This project is read-only.

(de-)tokenizer implemetation

Developer
Jan 3, 2011 at 8:32 PM
Edited Jan 3, 2011 at 8:37 PM

where and how should I implement my tokenizer? you can download it here.

 

why can't I change this topic to private?

Developer
Jan 8, 2011 at 1:16 PM

Hey Lord, I need to be honest right? Yeah, I'm pretty sure so. Your detokenizer is very confusing, I downloaded it and tried it, installed it but couldn't use it very well, since I didn't understand how to.

 

I don't think we need a de-tokenizer in tiDE, I mean, not one like yours.
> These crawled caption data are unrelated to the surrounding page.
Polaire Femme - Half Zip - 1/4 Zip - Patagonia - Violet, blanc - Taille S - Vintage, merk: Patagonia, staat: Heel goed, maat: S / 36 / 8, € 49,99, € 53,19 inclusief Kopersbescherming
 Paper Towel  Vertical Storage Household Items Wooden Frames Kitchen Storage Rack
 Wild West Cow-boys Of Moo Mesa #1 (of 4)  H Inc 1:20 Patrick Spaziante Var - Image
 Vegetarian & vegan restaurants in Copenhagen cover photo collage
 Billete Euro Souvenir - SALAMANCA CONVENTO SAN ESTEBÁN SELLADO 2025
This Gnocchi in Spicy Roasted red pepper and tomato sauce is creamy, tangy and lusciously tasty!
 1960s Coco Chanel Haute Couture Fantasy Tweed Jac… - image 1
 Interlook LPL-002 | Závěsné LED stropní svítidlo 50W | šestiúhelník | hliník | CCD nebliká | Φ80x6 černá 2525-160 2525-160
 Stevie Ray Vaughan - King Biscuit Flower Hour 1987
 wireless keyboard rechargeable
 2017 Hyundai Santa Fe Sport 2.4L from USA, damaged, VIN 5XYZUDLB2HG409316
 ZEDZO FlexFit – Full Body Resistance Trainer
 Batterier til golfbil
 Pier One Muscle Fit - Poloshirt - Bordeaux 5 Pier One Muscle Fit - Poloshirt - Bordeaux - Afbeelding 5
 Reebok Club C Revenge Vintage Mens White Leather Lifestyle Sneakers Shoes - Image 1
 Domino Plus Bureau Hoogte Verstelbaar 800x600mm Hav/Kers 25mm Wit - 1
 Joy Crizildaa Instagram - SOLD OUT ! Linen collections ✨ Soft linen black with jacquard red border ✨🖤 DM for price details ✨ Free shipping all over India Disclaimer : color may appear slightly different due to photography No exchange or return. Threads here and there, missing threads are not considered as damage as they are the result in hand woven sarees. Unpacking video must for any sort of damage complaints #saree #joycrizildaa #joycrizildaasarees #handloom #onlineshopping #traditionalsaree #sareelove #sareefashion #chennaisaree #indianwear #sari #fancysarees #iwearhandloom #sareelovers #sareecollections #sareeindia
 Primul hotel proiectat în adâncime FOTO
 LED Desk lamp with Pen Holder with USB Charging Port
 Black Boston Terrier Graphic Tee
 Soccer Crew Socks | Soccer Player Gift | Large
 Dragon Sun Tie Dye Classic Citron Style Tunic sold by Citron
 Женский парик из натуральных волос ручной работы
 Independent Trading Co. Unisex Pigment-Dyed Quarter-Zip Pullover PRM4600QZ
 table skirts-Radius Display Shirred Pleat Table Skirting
We need to directly implement one in the "Open" file. This way the user can open .8xp files and these will be immediately de-tokenized, wether they're Basic, Axe or Assembly. Assemblex does this, but only for Assembly programs. Also, Assemblex is Python.

 

I'll convert to C# as soon as I can and then give the code to Sir, so he can tell me if he likes the code, since it is quite big.

Coordinator
Jan 8, 2011 at 4:12 PM

The disassembler should be pretty simple.  We need a method, Disassemble(byte[] Code) that returns a string.  We need to keep an xml file that has all of the opcodes and their hex equivalents, then the disassembler should use Linq to search for the proper hex code and disassemble it.  Here's some sample XML:

<opcode identifier="C9" value="ret" ixiyprefix="false" length="1" signed="false" />

The identifier is the first byte of the opcode, except in cases of IX/IY opcodes.  The disassembler should recognize the IX/IY prefix, and look for opcodes that have ixiyprefix set to true.  If it is multiple bytes, then it should grab the next couple bytes and parse them as well.  Certain instructions, such as jr, accept signed inputs, and the signed attribute should mark them as so.

 

As for the (de)tokenizer, I have gotten Merth's permission to use Tokens2.xml, which I have added to the project in TFS.  Here's some example XML:

<Token byte="$01" string=">DMS">
        <Alt string="►DMS" />
</Token>

When tokenizing (ASCII → TI-Basic), we should use both the string and the alt string.  When detokenizing, we should use the alt string (if available, some don't have it).  Some two byte tokens look like this:

    <Token byte="$5C">
        <Token byte="$00" string="[A]" />
        <Token byte="$01" string="[B]" />
    </Token>

We should just combine values and parse them into the dictionary (so we'd have two entries for $5C00/[A] and $5C01/[B]).

Developer
Jan 9, 2011 at 5:15 PM
Edited Jan 9, 2011 at 5:15 PM
SirCmpwn wrote:

The disassembler should be pretty simple.  We need a method, Disassemble(byte[] Code) that returns a string.  We need to keep an xml file that has all of the opcodes and their hex equivalents, then the disassembler should use Linq to search for the proper hex code and disassemble it.  Here's some sample XML:

<opcode identifier="C9" value="ret" ixiyprefix="false" length="1" signed="false" />

The identifier is the first byte of the opcode, except in cases of IX/IY opcodes.  The disassembler should recognize the IX/IY prefix, and look for opcodes that have ixiyprefix set to true.  If it is multiple bytes, then it should grab the next couple bytes and parse them as well.  Certain instructions, such as jr, accept signed inputs, and the signed attribute should mark them as so.

 

As for the (de)tokenizer, I have gotten Merth's permission to use Tokens2.xml, which I have added to the project in TFS.  Here's some example XML:

<Token byte="$01" string=">DMS">
        <Alt string="►DMS" />
</Token>

When tokenizing (ASCII → TI-Basic), we should use both the string and the alt string.  When detokenizing, we should use the alt string (if available, some don't have it).  Some two byte tokens look like this:

    <Token byte="$5C">
        <Token byte="$00" string="[A]" />
        <Token byte="$01" string="[B]" />
    </Token>

We should just combine values and parse them into the dictionary (so we'd have two entries for $5C00/[A] and $5C01/[B]).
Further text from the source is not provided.